### Problem statement
Below are some entries. Transcribe the lines from the one holding "7 Piece Outdoor" to the one holding "1900 Ad Walter", inclusive, but not the pictures among them.

### Exercise data
▬▬▬

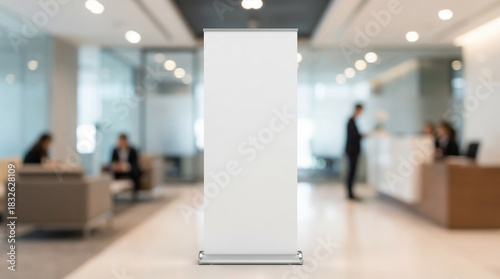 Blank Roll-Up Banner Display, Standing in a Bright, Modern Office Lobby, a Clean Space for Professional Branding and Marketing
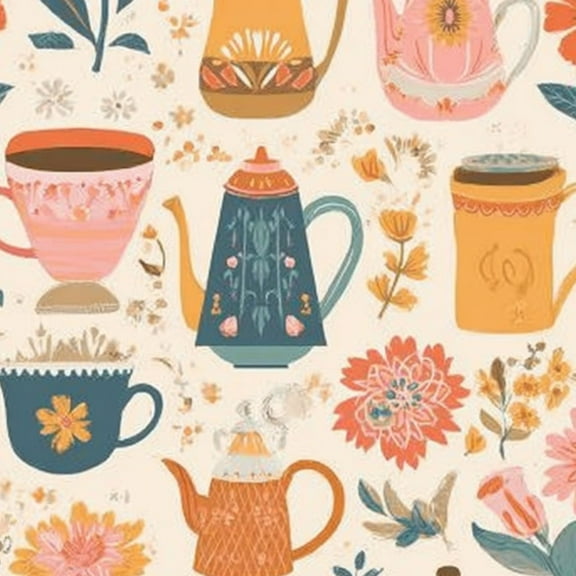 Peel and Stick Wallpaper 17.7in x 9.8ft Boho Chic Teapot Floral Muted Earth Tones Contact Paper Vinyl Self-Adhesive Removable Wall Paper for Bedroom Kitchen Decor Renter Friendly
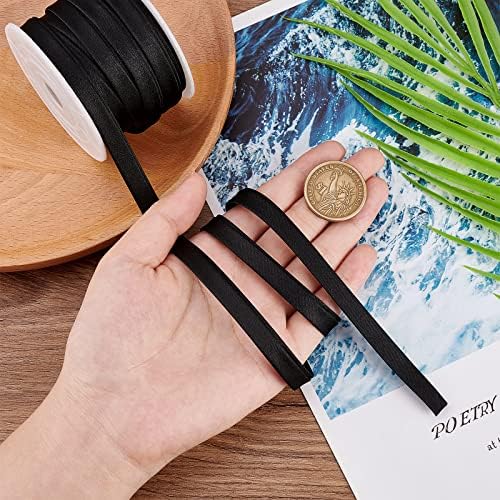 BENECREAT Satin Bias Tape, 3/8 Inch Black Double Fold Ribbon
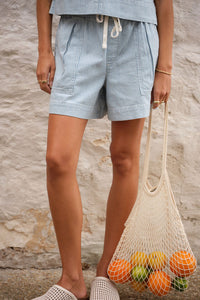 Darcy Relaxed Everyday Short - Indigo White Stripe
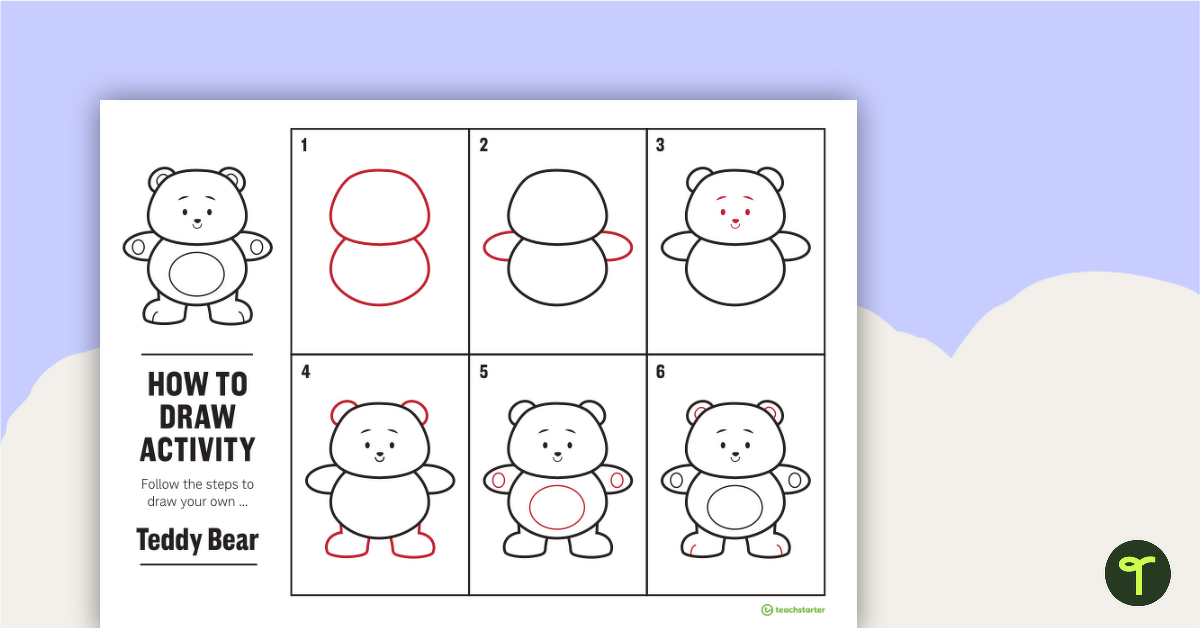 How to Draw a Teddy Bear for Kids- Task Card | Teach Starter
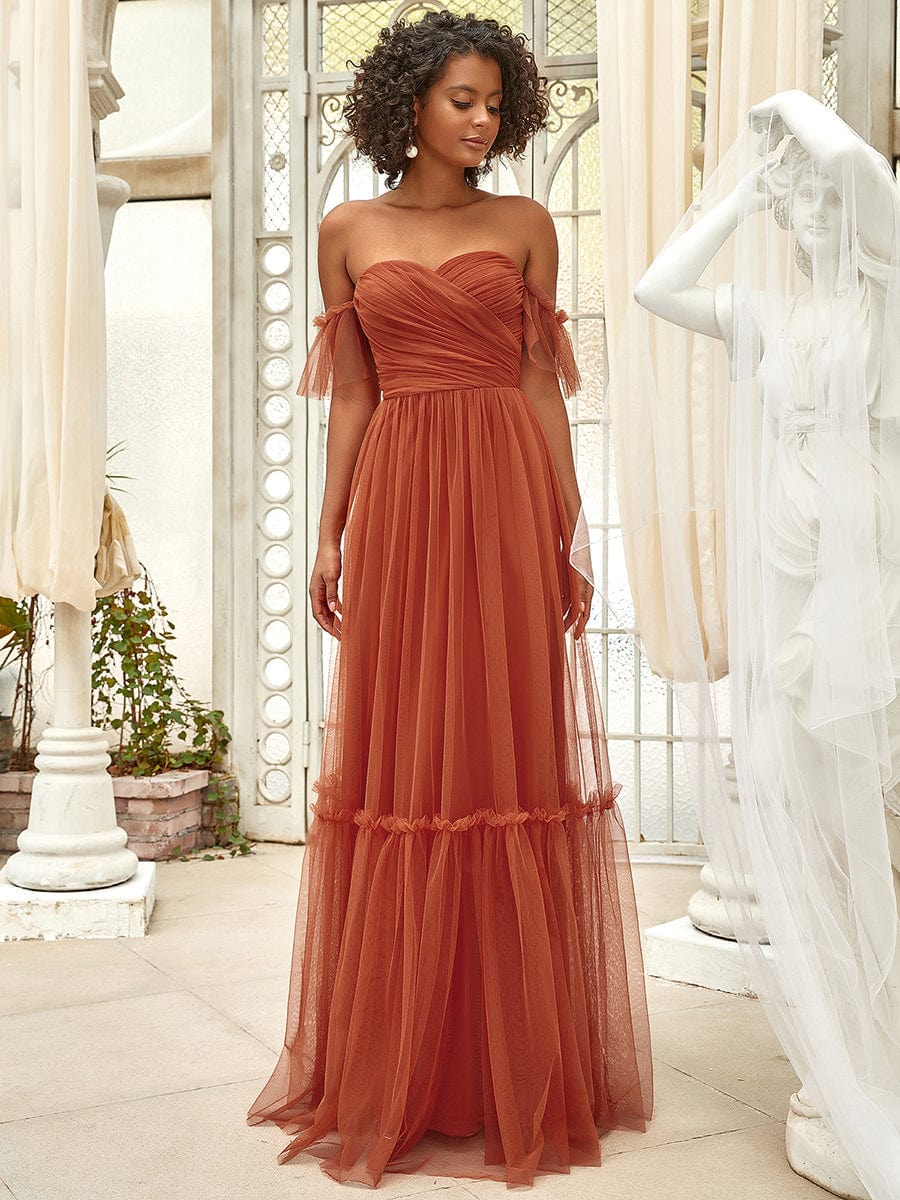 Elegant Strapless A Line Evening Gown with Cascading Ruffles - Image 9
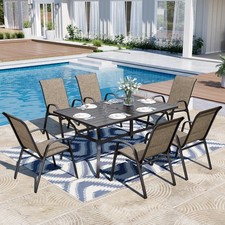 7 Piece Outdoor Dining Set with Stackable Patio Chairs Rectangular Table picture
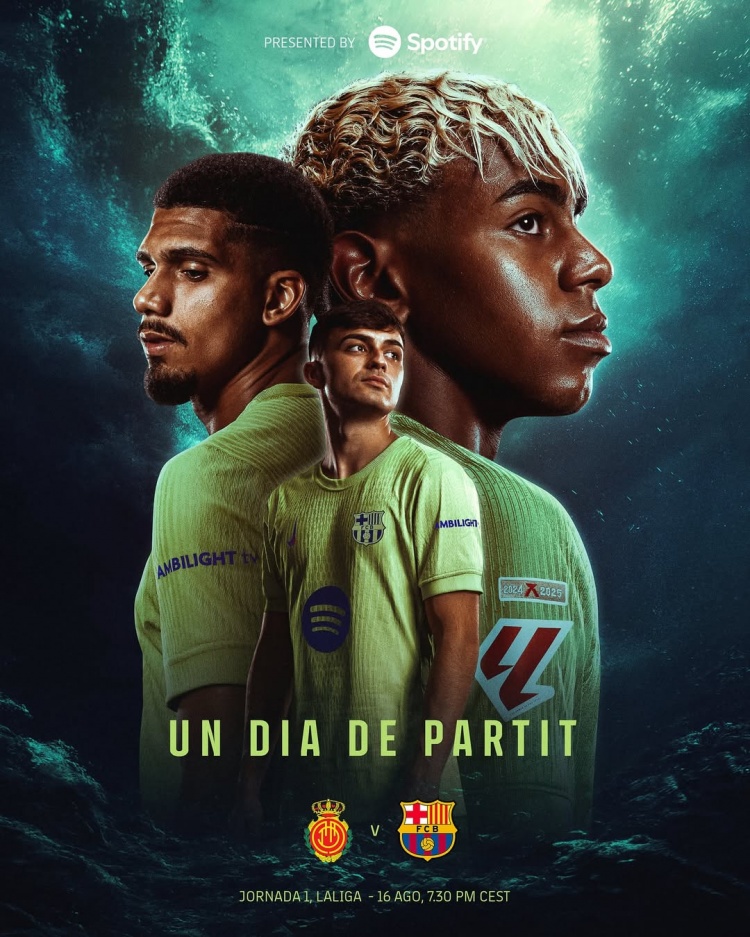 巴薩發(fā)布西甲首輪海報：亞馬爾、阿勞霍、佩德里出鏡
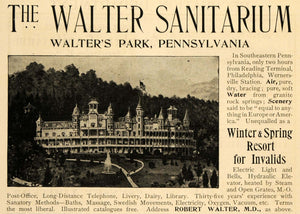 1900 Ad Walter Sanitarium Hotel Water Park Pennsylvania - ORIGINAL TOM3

▬▬▬

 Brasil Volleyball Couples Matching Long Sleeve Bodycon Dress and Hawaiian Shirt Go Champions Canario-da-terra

▬▬▬

### Written answer
 7 Piece Outdoor Dining Set with Stackable Patio Chairs Rectangular Table picture
 巴薩發(fā)布西甲首輪海報：亞馬爾、阿勞霍、佩德里出鏡
 1900 Ad Walter Sanitarium Hotel Water Park Pennsylvania - ORIGINAL TOM3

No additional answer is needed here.